Take the current conflict in Ukraine, described by some people as a conflict over water: Russia intervened, they say, to ensure Crimea would get water that Ukraine has been holding back since 2014. But alleged causes of the ongoing invasion also include economics, identity, history, security, and an unhinged dictator.

This does not mean that water is immaterial. Water infrastructure can be a target in war, as when Russian forces cut off Mariupol from its water supply to conquer the city. Water can also be weaponized, as both Ukrainian, and Russian forces have done by breaching dams to flood the landscape, and shift the odds in the ground fight. And, of course, localized conflicts can ignite over water when institutions collapse, as when Russian-backed separatists took over parts of the Donbass region in 2014, cutting in half the Soviet-era integrated water system that served it. History is littered with examples of times when water, or the infrastructure designed to manage it, played some role in war. But that is not the same as being the cause of an international war. Attributing wars to water scarcity implies that material conditions inevitably determine armed conflict, when in fact military aggression is almost always a matter of choice.

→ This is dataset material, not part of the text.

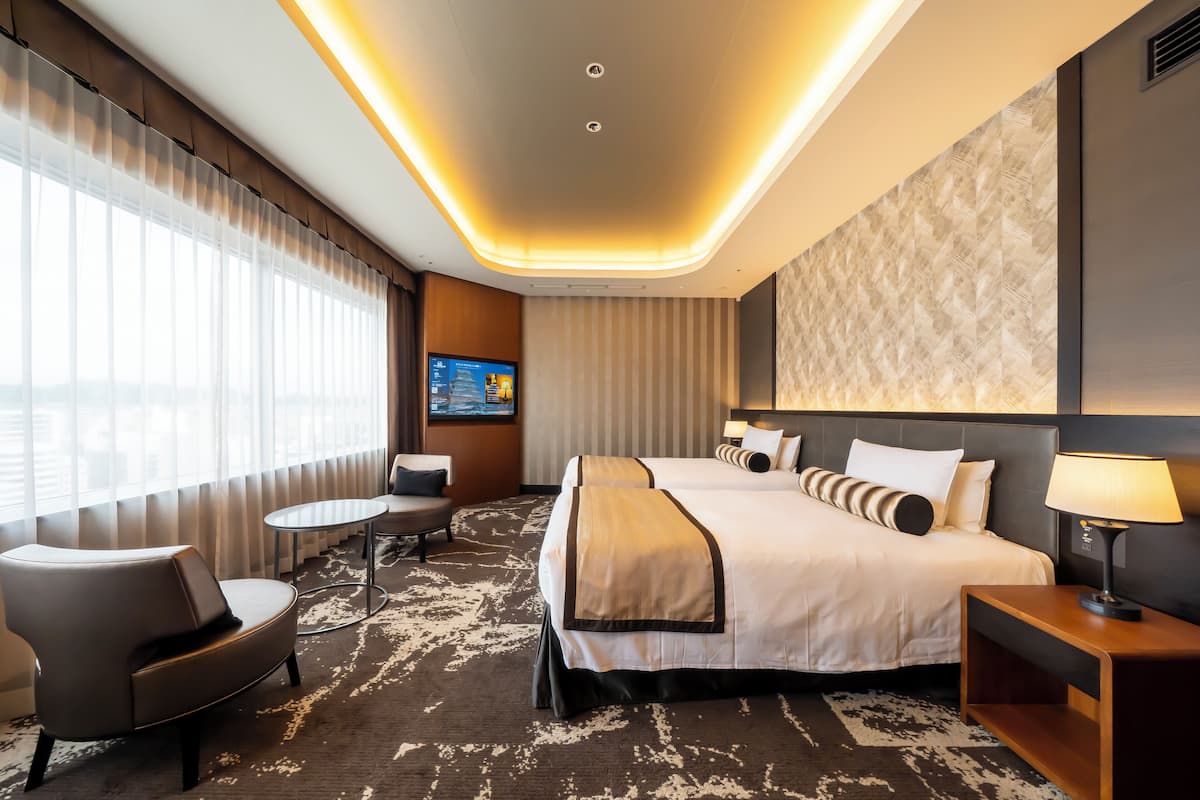 A hotel room with a large bed, two bedside tables, a desk, a chair, and a TV.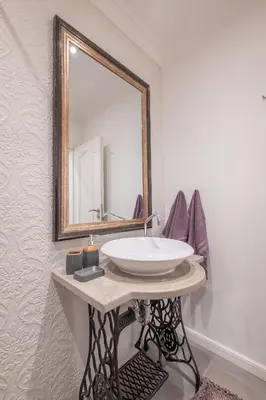 a bathroom with a sink and a mirror on a wall at St. Ivan Rilski flat in Sofia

Blaming war on water absolves politicians of their responsibility, and deprives people of their agency, undermining efforts to resolve the very conflicts water is supposedly driving. There are 310 river basins straddling national boundaries, covering nearly half of the earth's land surface and home to half of humanity. Many of those rivers are under stress today. Focusing on them as possible theaters of war—as the "water wars" story would have it—diverts us from seeing them for what they could be: 310 instruments of peace. In fact, cooperation rather than conflict is the most common response to a difficult water situation.

In the face of climate change, and deteriorating water security, the real challenge is not war, but successful cooperation.